Plate Inspection, Cutting, and Mounting Preparation
After processing, plates should be inspected before they are sent to the pressroom. Plate inspection checks for imaging defects, incorrect dot reproduction, and any physical damage that occurred during processing. Catching plate defects before mounting saves press time and avoids the cost of a failed press start.
Plates also need to be cut to the correct size and prepared for mounting on the print cylinder. Cutting accuracy matters because misaligned plates will cause registration problems on press. Plate identification, linking each plate to the specific job, color, and repeat length it was produced for, is important for managing plate inventory and avoiding mounting errors.
Esko’s Flexo Engine adds automated plate identification and plate cutting to the platemaking process, reducing manual finishing steps and the risk of preparation errors before plates reach the press.
How Do You Create a Reliable Flexo Prepress Process?
Standardized Artwork Specifications
One of the most effective ways to reduce prepress errors and rework is to establish clear, documented artwork specifications and communicate them to all parties who supply files.
These specifications should define:
Accepted file formats and color modes
Minimum font sizes and stroke widths
Bleed, safe zone, and die-cut requirements
Barcode specifications including magnification and BWR
Spot color naming conventions
Image resolution requirements
When artwork is created to a consistent specification, preflight checks are faster, adaptation work is reduced, and the risk of late-stage errors is lower. This matters most for converters that receive files from multiple brand owners or agencies, each with their own design conventions.
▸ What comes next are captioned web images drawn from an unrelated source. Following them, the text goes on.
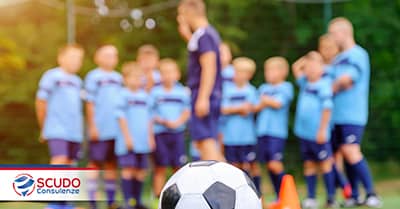La polizza Scudo Consulenze per ASD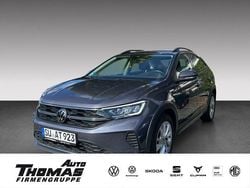 Rauchgrau metallic Gebraucht 2022 VW Taigo Life SUV | 15.880 € (Superpreis)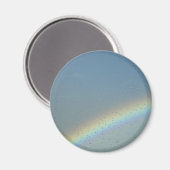 Rainbow Magnet (Vorderseite/Rückseite)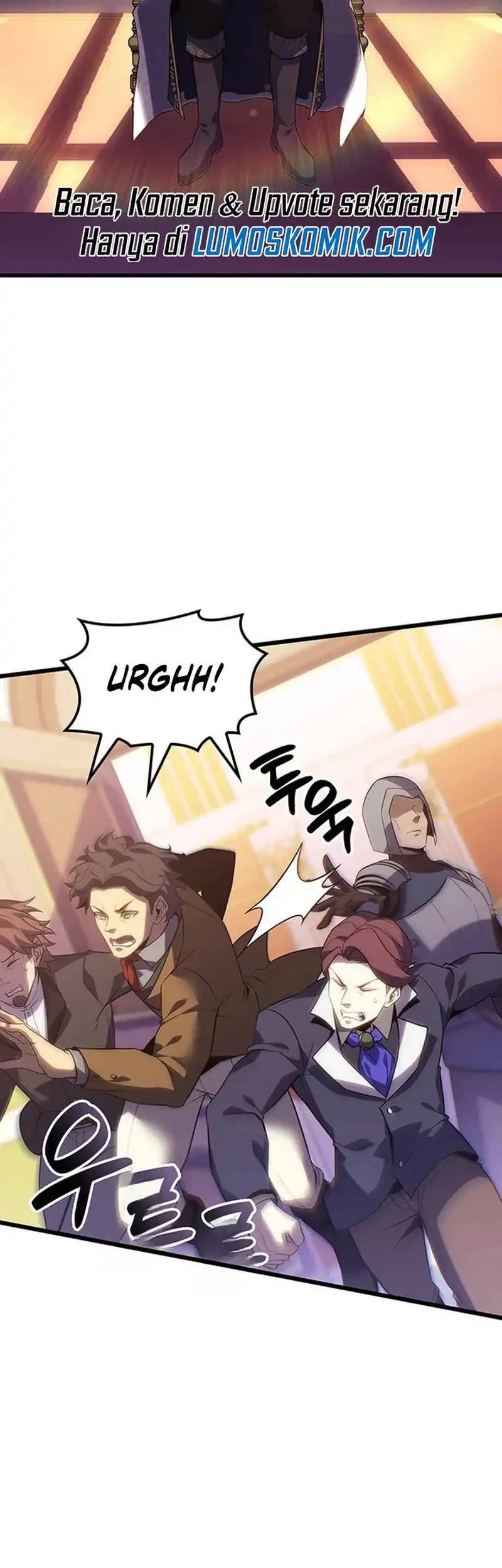 the counts youngest son is a player chapter 136 - Page 11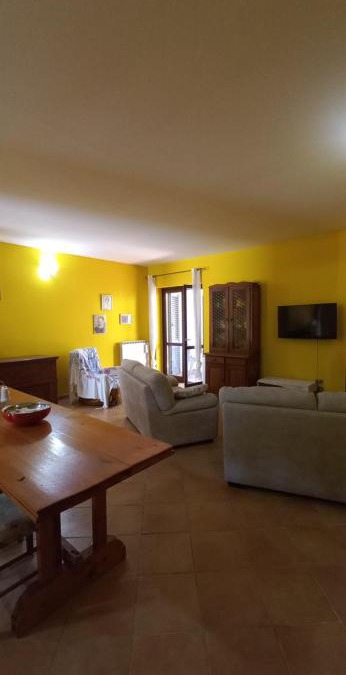 Roccagorga Apartment | Casa tamara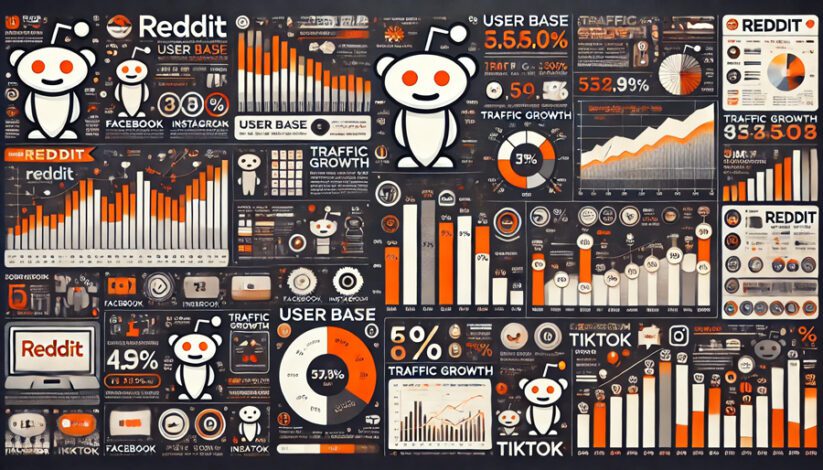Why Reddit's Marketing is becoming indispensable for businesses in 2024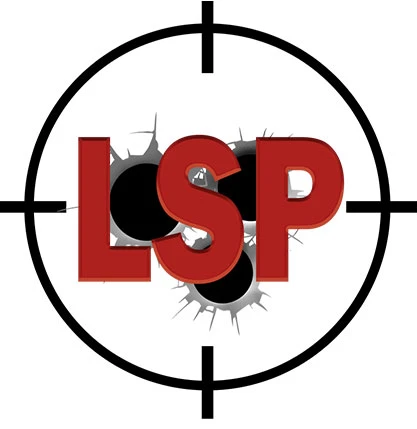 Long Shot Precision Logo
Without a clear specification and an automated way to enforce it, every incoming file is a potential source of rework.
Automation Engine supports standardized workflows with automated quality checks and right-first-time proof generation, making it easier to enforce specifications consistently across all incoming jobs.
Press Fingerprinting and Profiling
A press fingerprint is a characterization of how a specific press prints under defined conditions. It captures the relationship between the digital file and the physical print result, including dot gain, color gamut, ink density, and tonal behavior.
Fingerprinting should be done:
When a press is first commissioned
After significant press maintenance or component changes
When ink or substrate suppliers change
Periodically as part of ongoing process control
The fingerprint data is used to create ICC profiles and dot compensation curves that are applied in prepress to ensure that the file is prepared for the actual press condition rather than a theoretical standard.
De Schutter Neroc’s approach to fingerprinting shows how a structured profiling process, combined with a profile database, supports color consistency and more efficient ink usage across a flexo production environment.
Quality Control Before Plate Output
The final check before sending files to the platemaking room is a critical control point.
At this stage, the prepress team should verify:
Correct screening parameters for the plate type and imaging device
Dot compensation curves applied and correct for the press condition
Trapping applied and reviewed
Color separations checked against the approved proof
File resolution and ruling appropriate for the output device
Plate layout including marks, slugs, and registration targets
Before packaging components are released, teams need to validate essentials such as barcodes, text alignment, and color accuracy, and only move forward with components that meet the required standards. That final inspection is what keeps avoidable errors from reaching production.
Bart Tielemans, Business Title Senior Enablement Platform Specialist at Esko
In a lean prepress team, this final check is often the last line of defense before a job reaches the platemaking room. When it is done from memory or habit rather than a structured checklist, errors slip through.
Reducing manual touchpoints at this stage through automation and structured checklists improves accuracy and reduces the risk of errors reaching the platemaking room.